Unlike the South African commission, Liberia's commission is not offering the possibility of amnesty in exchange for confessions. And although it can recommend prosecutions, it has no power to bring perpetrators to justice.

The latter troubles some Liberians, said Patricia Minikon, a Liberian-born immigration lawyer who practices in Silver Spring and is overseeing the Washington area project.

"Some people have said, 'Well, is the truth and reconciliation commission all that's going to happen? What about accountability?' " Minikon said. "And my suggestion is, if you feel that accountability needs to enter the picture, then you need to give your statement and put that in the statement, to have your voice heard. You have to be a part of the process, or you can't really complain as to the result you get."

Minikon, who left Liberia during the military rule, volunteered to run the local project and was accepted -- after, she notes, her name was vetted by Liberian officials who made sure she did not have "unclean hands."

Aided by American University law students and a Washington law firm whose attorneys also are volunteering their time, Minikon has been papering African markets with fliers and knocking on doors at the apartment complexes where many Liberians have settled, most in Silver Spring. She tells them that they can give statements anonymously and that this is their chance to help establish truth about Liberia's gruesome past and help shape its future. Public hearings are scheduled in the United States sometime this year.

One who will not be giving a statement is Brentwood resident George Siaway, who calls the commission "a cop-out, totally."

Siaway, 54, fled Liberia two decades ago, leaving his young son, also named George, with family friends. Seven years later, with the civil war well underway, Siaway was making plans to send for the younger George.

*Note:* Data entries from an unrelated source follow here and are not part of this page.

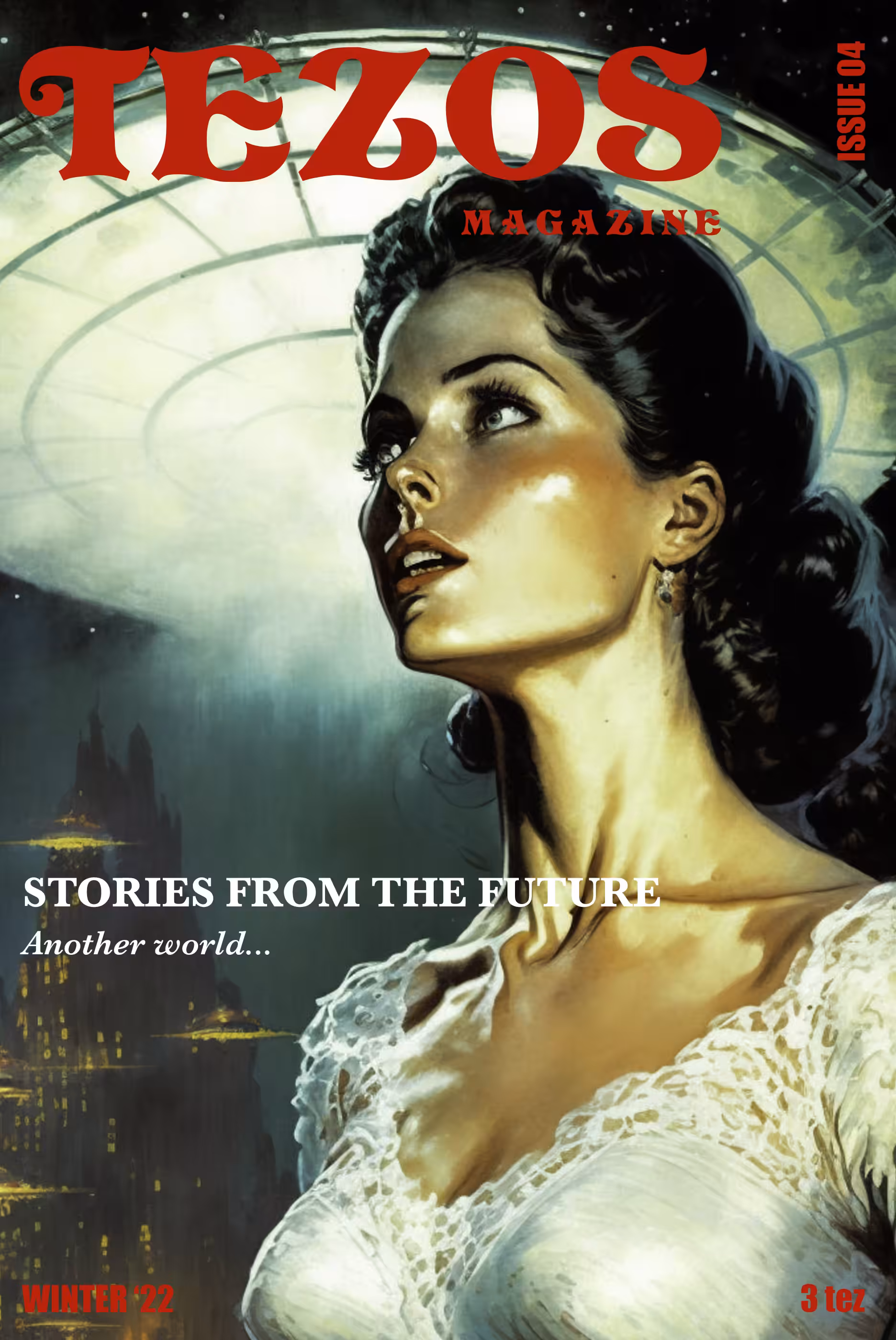 Stories From The Future - Another World
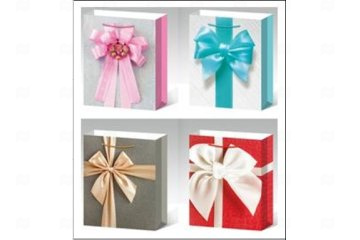 картинка Пакет ламинированный 32*26*10см SCW610-ABCD Мир упаковки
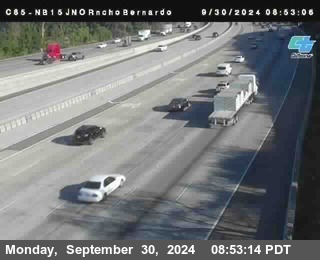 NB 15 JNO Rancho Bernardo Rd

Before that could happen, George, then 12, went out to search for food and never came back. Rebels later informed his caretakers that the boy had been murdered. His body was never found.

Siaway, now a public health analyst for the District government, said he would like to ask his son's killers why a hungry boy deserved death. And he would like to see them face justice.

Liberia's bloodshed, Siaway said, was caused by "just a bunch of greedy gangsters who held the country hostage. And I feel that they should be held accountable. Because if you don't, you set a precedent where there's incentive to repeat this entire act."

Brewer remembers lucidly the day rebels captured her Monrovia suburb. Her father, a police officer who worked for the government the fighters were ousting, was on duty.